C’est en lisant ce récit de voyage que la roman­cière cana­dienne Monique Pariseau a eu envie d’explorer cette his­toire de femme à bord. Ses recherches lui per­met­tront de publier, en 2010, Jeanne Barret. Première femme ayant accom­pli, au XVIIIe siècle, le tour du monde dégui­sée en homme. Avec elle, Monique Pariseau a vogué sur les océans et décou­vert la vie de marin. Elle en garde une grande admi­ra­tion : « Jeanne Barret est pour moi une femme d’une force, d’une intel­li­gence, d’une curio­si­té et d’une volon­té excep­tion­nelle. Peu de femmes à son époque (et encore aujourd’hui) auraient eu le cou­rage de faire ce voyage dégui­sées en gar­çon. Elle est une leçon de per­sé­vé­rance, de rési­lience et sur­tout la preuve qu’une femme peut se per­mettre de dépas­ser les limites que la socié­té l’oblige à respecter. »

… démas­quée

Au cours de l’expédition de Louis-​Antoine de Bougainville, Jeanne Barret et Philibert Commerson recueillent des plantes, des pierres et des coquillages à chaque escale. C’est sur­tout elle qui assure le tra­vail : lui traîne tou­jours la jambe. Près de Rio de Janeiro, ils découvrent un arbris­seau qu’ils nomment bou­gain­vil­lea, le bou­gain­vil­lier, en hom­mage à leur capi­taine. Les bateaux de l’expédition doublent le cap Horn et les scien­ti­fiques pro­fitent de la tra­ver­sée de l’océan Pacifique pour orga­ni­ser et cata­lo­guer tous les spé­ci­mens. Après avoir dupé l’équipage pen­dant plus d’un an, la véri­table iden­ti­té de Jeanne Barret est décou­verte. Mais les ver­sions divergent sur le quand et le com­ment. D’après les uns, elle aurait été démas­quée, lorsqu’ils ont accos­té à Tahiti en avril 1768, par les autoch­tones qui l’entourent en criant qu’elle est une femme. Des jour­naux de bord des com­pa­gnons de Bougainville évoquent plu­tôt des agres­sions sexuelles venant de l’équipage et racontent qu’elle fini­ra le voyage armée de deux pis­to­lets pour se défendre.

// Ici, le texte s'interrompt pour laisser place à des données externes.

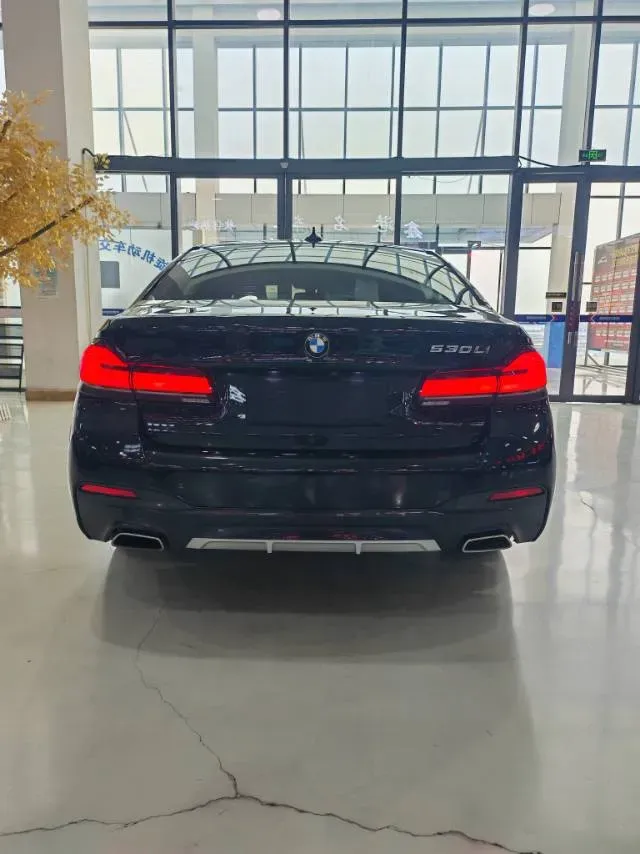 2021 BMW 5 Series 2.0T 252HP L4 8AT,autocango,china used car exporter,china ev exporter,chinese used car exporter,chinese used ev exporter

Reste qu’une femme à bord porte mal­heur. Que faire de Jeanne Barret ? Il faut attendre l’arrivée sur l’île Maurice, après avoir tra­ver­sé l’océan Indien, pour trou­ver une solu­tion. Philibert constate que l’île est gou­ver­née par un vieil ami bota­niste, prêt à les accueillir Jeanne et lui. De son côté, Bougainville ne se fait pas prier pour les débar­quer de façon à ren­trer en France l’honneur sauf. Le duo se lance alors dans une nou­velle mis­sion : iden­ti­fier toutes les plantes médi­ci­nales de l’île. Ils feront de même à Madagascar et à la Réunion, jusqu’à la mort de Philibert Commerson en 1773.

Une auberge et un mariage

À 33 ans, Jeanne Barret se retrouve veuve, sans res­source finan­cière et sans moyens de retour­ner en France récla­mer l’argent que lui avait lais­sé son amant par tes­ta­ment. Mais celle qui a vogué sur trois océans en a vu d’autres : elle ouvre une auberge à Port-​Louis, avant de ren­con­trer un offi­cier de marine fran­çais, ori­gi­naire du Périgord, Jean Dubernat, qu’elle épouse. Le couple rentre en France en 1775, bou­clant ain­si le tour du monde com­men­cé en 1767. Jeanne ne revient pas les mains vides. Elle rap­porte au Roi les récoltes bota­niques de Commerson, soit trente caisses conte­nant quelque cinq mille espèces, dont trois mille incon­nues jusque-​là. Malheureusement, ces col­lec­tions sont aus­si­tôt pillées par des natu­ra­listes qui s’approprient sans scru­pule leur part du tré­sor en fonc­tion de leur spécialité. 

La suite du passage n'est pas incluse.